▸ **Listed records**
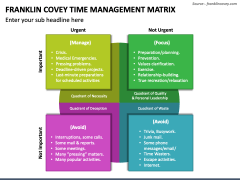 Franklin Covey Time Management Matrix PowerPoint and Google Slides Template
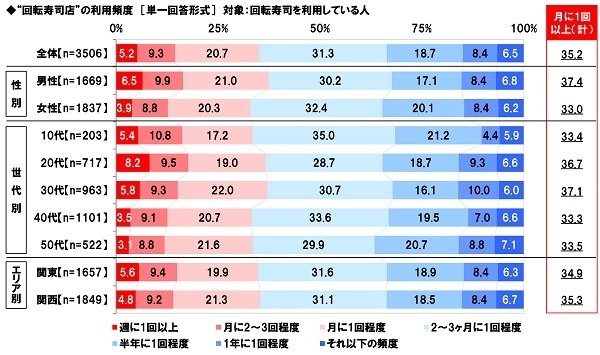 回転寿司店の利用頻度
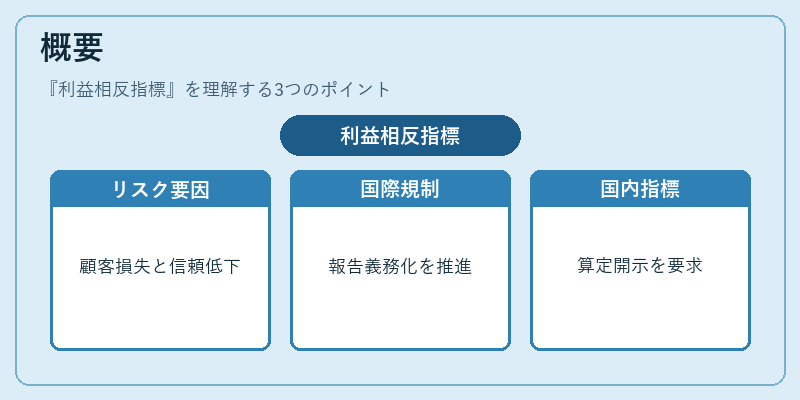 概要(利益相反指標)の図解
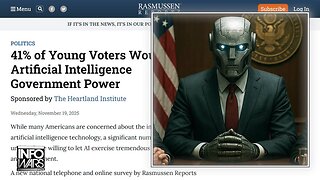 BREAKING: 41% Of Young Voters & 55% Of Young Conservatives Want AI Dictatorship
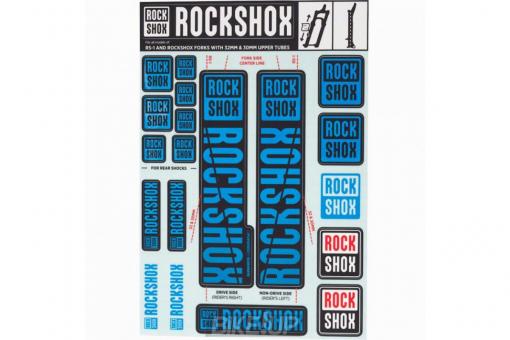ROCKSHOX Decal Kit 30/32/RS1 Water Blue 11.4318.003.502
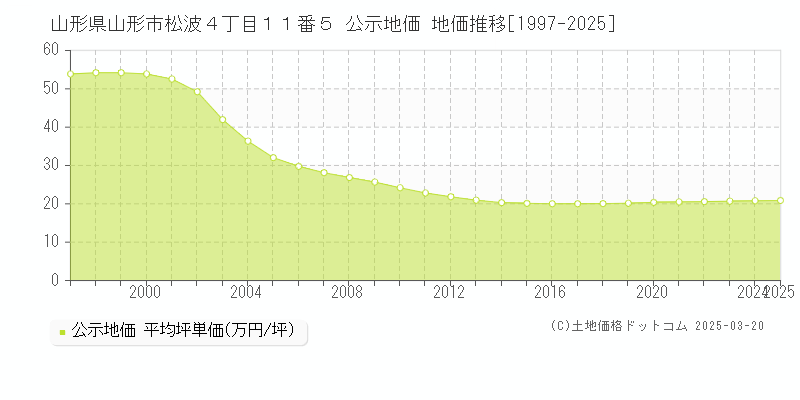 山形県山形市松波４丁目１１番５ 公示地価 地価推移[1997-2025]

▸ **Exercise**
Go through the entries and retype them exactly, except for the images.

▸ **Task solution**
 Franklin Covey Time Management Matrix PowerPoint and Google Slides Template
 回転寿司店の利用頻度
 概要(利益相反指標)の図解
 BREAKING: 41% Of Young Voters & 55% Of Young Conservatives Want AI Dictatorship
ROCKSHOX Decal Kit 30/32/RS1 Water Blue 11.4318.003.502
 山形県山形市松波４丁目１１番５ 公示地価 地価推移[1997-2025]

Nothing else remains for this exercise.